Re: Hash order randomization is coming, are you ready?
by chrestomanci (Priest) on Nov 29, 2012 at 12:53 UTC

    Will the order of keys returned change from one call to the next on the same has in the same run of a script? Is there an explicit shuffle done every time you call keys etc?

    Consider the code:

    my $hashRef = someFuncCall(); my $keys1 = join(' ', keys %$hashRef); my $keys2 = join(' ', keys %$hashRef); print "Key order is not stable" if $keys1 ne $keys2;

      One certainly hopes they haven't broken one of the few guarantees given in the POD:

      keys HASH

      Returns a list consisting of all the keys of the named hash. (In scalar context, returns the number of keys.)

      The keys are returned in an apparently random order. The actual random order is subject to change in future versions of perl, but it is guaranteed to be the same order as either the values or each function produces (given that the hash has not been modified). Since Perl 5.8.1 the ordering is different even between different runs of Perl for security reasons (see Algorithmic Complexity Attacks in the perlsec manpage).
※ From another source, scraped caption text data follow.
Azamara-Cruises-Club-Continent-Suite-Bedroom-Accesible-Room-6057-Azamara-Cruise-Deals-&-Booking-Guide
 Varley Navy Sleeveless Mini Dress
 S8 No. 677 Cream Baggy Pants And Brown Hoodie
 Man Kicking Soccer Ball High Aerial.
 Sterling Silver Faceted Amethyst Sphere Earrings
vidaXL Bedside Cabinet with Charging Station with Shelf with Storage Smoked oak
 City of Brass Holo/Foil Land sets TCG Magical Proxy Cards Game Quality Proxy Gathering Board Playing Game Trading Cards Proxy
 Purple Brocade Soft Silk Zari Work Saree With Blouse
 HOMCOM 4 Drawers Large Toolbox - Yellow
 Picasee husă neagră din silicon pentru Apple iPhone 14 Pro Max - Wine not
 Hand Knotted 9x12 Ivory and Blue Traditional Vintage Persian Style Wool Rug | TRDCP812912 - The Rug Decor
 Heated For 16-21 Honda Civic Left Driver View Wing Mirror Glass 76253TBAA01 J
      Then again, it would have been useful to jave been told how this new randomisation varies from that which has been in place since 5.8.1?


      With the rise and rise of 'Social' network sites: 'Computers are making people easier to use everyday'
      Examine what is said, not who speaks -- Silence betokens consent -- Love the truth but pardon error.
      "Science is about questioning the status quo. Questioning authority".
      In the absence of evidence, opinion is indistinguishable from prejudice.

      RIP Neil Armstrong

        A casual test looks like that statement is still true:

        use 5.17.6; use strict; use warnings; my %a = ( z => 1, y => 2, x => 3); foreach (1..3) { print join(",", keys %a), "\n"; print join(",", values %a), "\n"; while (my ($d,$e) = each %a) { print "$d = $e\n"; } }

        run 1

        z,y,x 1,2,3 z = 1 y = 2 x = 3 z,y,x 1,2,3 z = 1 y = 2 x = 3 z,y,x 1,2,3 z = 1 y = 2 x = 3

        run 2

        x,y,z 3,2,1 x = 3 y = 2 z = 1 x,y,z 3,2,1 x = 3 y = 2 z = 1 x,y,z 3,2,1 x = 3 y = 2 z = 1

        No, this has not changed.

        ---
        $world=~s/war/peace/g

      Since we have to maintain the same order between values() and keys() I do not think that we can change this. However IMO you should not depend on it.

      ---
      $world=~s/war/peace/g

        Maintaining the same order between values and keys should mean you can depend on keys returning the same order each time, otherwise how is values supposed to know which order to present its order?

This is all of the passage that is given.